The first attraction one has to quince is it’s aroma. One only needs to walk past a tree of ripe quince or pass a fruit stand to know that some quince are nearby.
Plutarch reports that a Greek bride would nibble a quince to perfume her kiss before entering the bridal chamber, “in order that the first greeting may not be disagreeable nor unpleasant” (Roman Questions 3.65).
Inspration for this dish came from Angela’s Food Love. About a month ago she shared a poached pear dish that immediately made me perk up and bookmark this dish. Angela usually posts one dish per week and each and everytime I get notice of her dish, I’m never disappointed, often delighted. I encourage you to visit Angela’s blog…tell her “Kalofagas” sent ya!
Taking inspiration from Angela’s dish, I applied some Greek ingredients (including quince) and poached it an aromatic bath of Greek red wine, spices and I made a mixture of strained Greek yogurt, Manouri cheese and honey and piped it into the center.

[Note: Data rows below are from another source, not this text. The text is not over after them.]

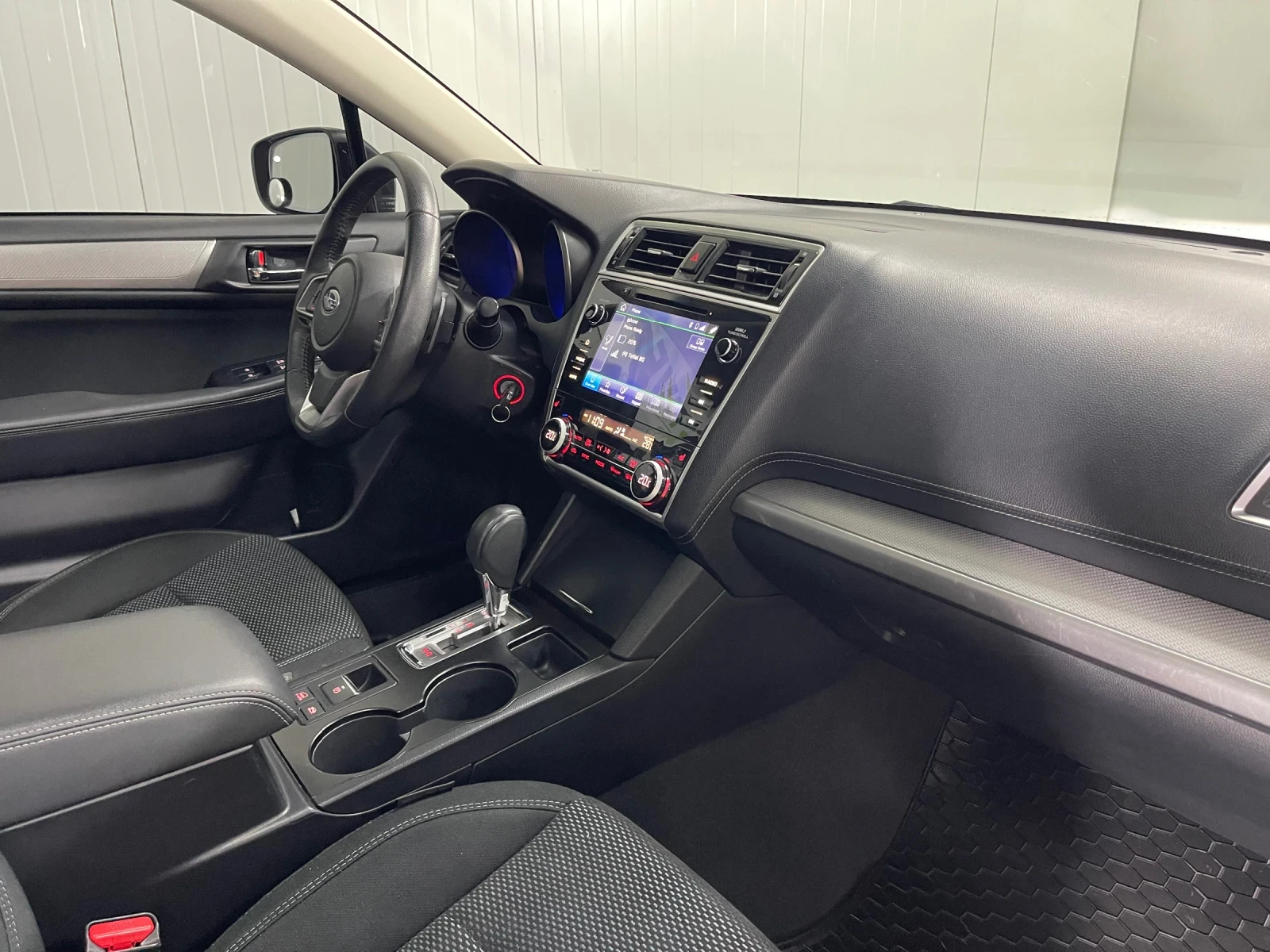 Subaru Outback 2.5 AWD - изображение 10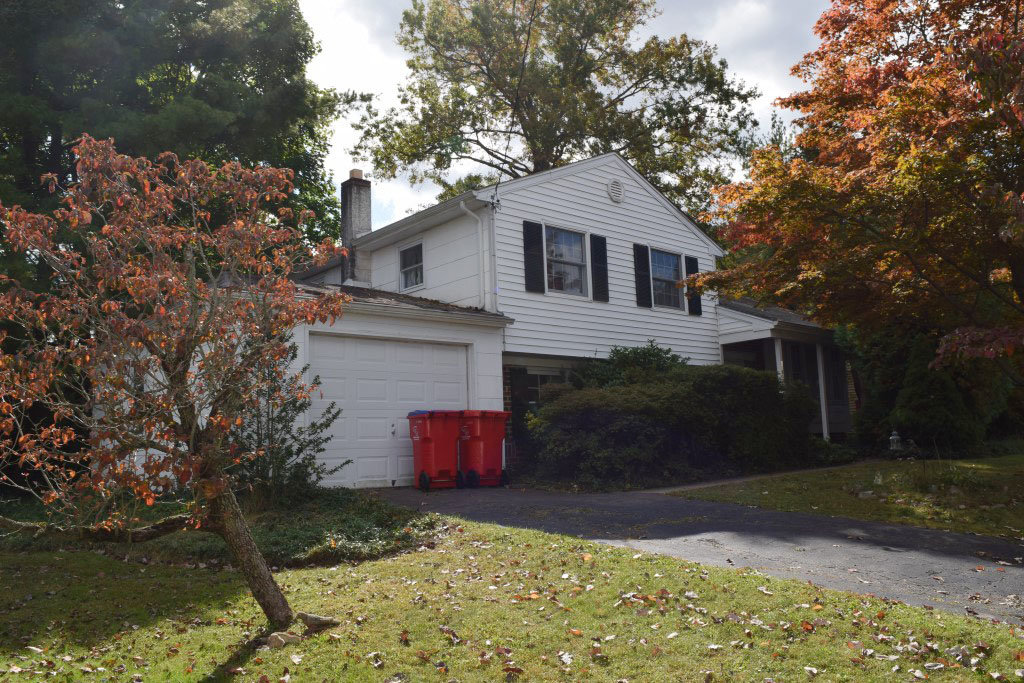 Sealed Bid Real Estate Auction 1185 Dager Rd. Warminster, PA 18974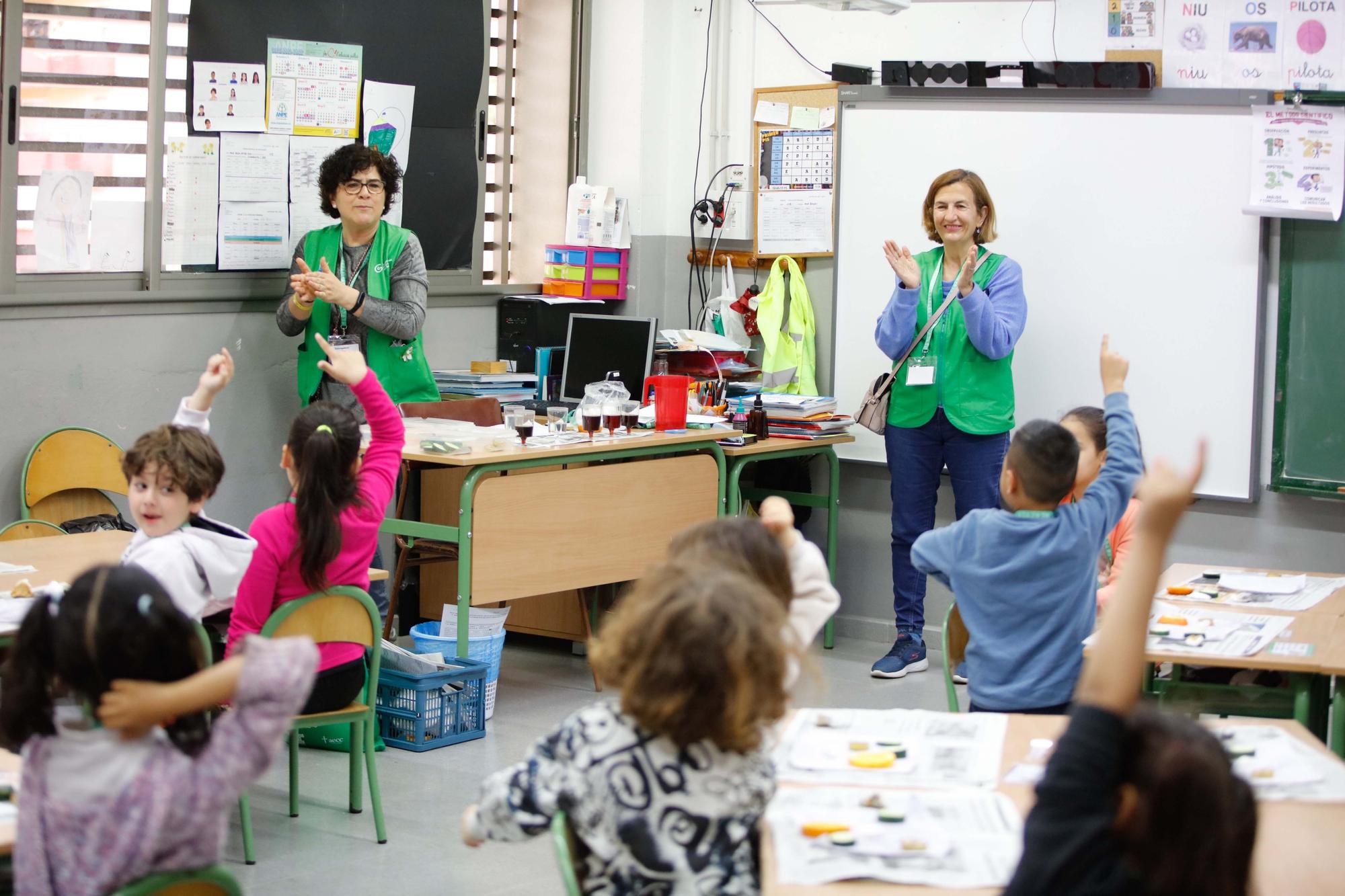 'Ciencia para todos' de la AECC en centros educativos de Ibiza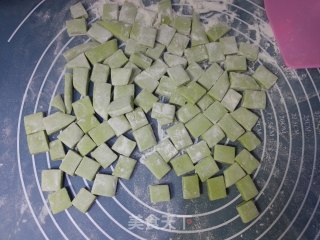 吸引小盆友的美食--翡翠蝴蝶面&螺旋面的做法步骤：16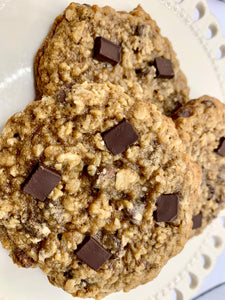 Oatmeal Chocolate Chunks Cookie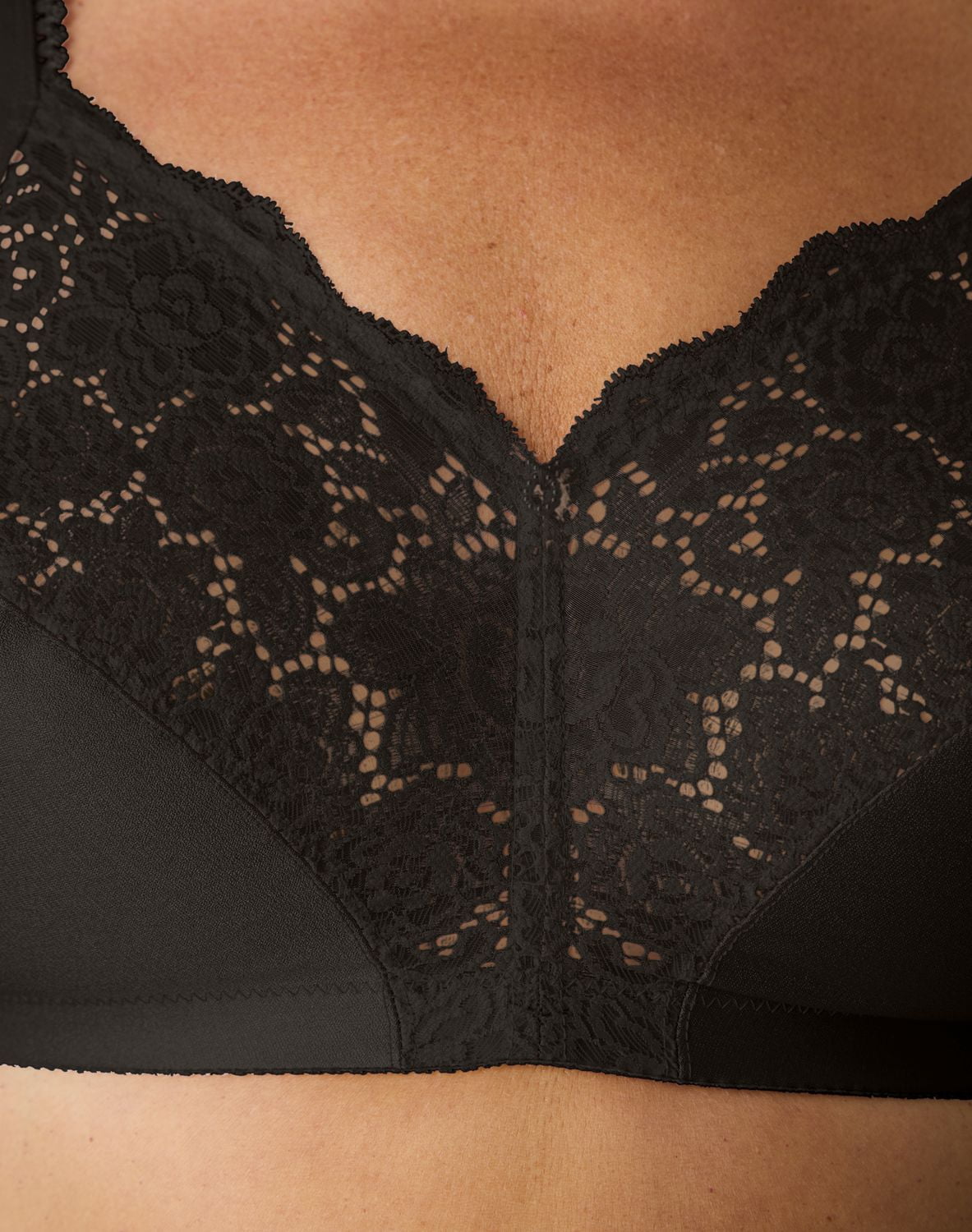 WonderBra Full Support Cushioned Strap Wireless Bra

1 bottle of good Greek red wine
4 quince, peeled and cored
1 cinnamon stick
4-5 whole cloves
1/2 cup Petimezi
1/2 cup honey
splash of vanilla extract
8 oz. of room temperature Manouri cheese
1 cup strained Greek yogurt
3 Tbsp. of Greek honey
1 shot of Ouzo
- Into a pot large enough to hold your quince, add all the ingredients of your poaching liquid and bring to a boil. Lower to a simmer and gently drop your quince and poach your quince for about 20-30 minutes or until fork tender (you may have to flip your quince to poach both halves).
- Carefully remove the quince from the poaching liquid, strain the the liquid to remove the spices and return to your pot. Reduce over medium heat until you have a thick syrup. Remove from the heat and allow to cool.
- In a small bowl, add the Manouri cheese, strained Greek yogurt, Ouzo and honey and mix well with a spatula or a hand mixer. Spoon the contents into a piping bag or make your own with a disposable plastic bag and snip a small hole in one of the bottom corners.
- Assemble your dessert by spooning the wine syrup onto the plate’s bottom and then set the quince on top. Now pipe the Manouri filling into each hole in the middle of the quince and serve.
Petimezi is a syrup boiled down from the grape must during the wine harvest. Italians have a product called Saba and similar products can be found in Mid-Eastern stores called “grape syrup”.
Manouri cheese is made from the whey leftover from the cheese making process. It’s a young cheese that’s cross between a firm ricotta and mild but still tangy cream cheese. It works wonderful for savory and sweer dishes.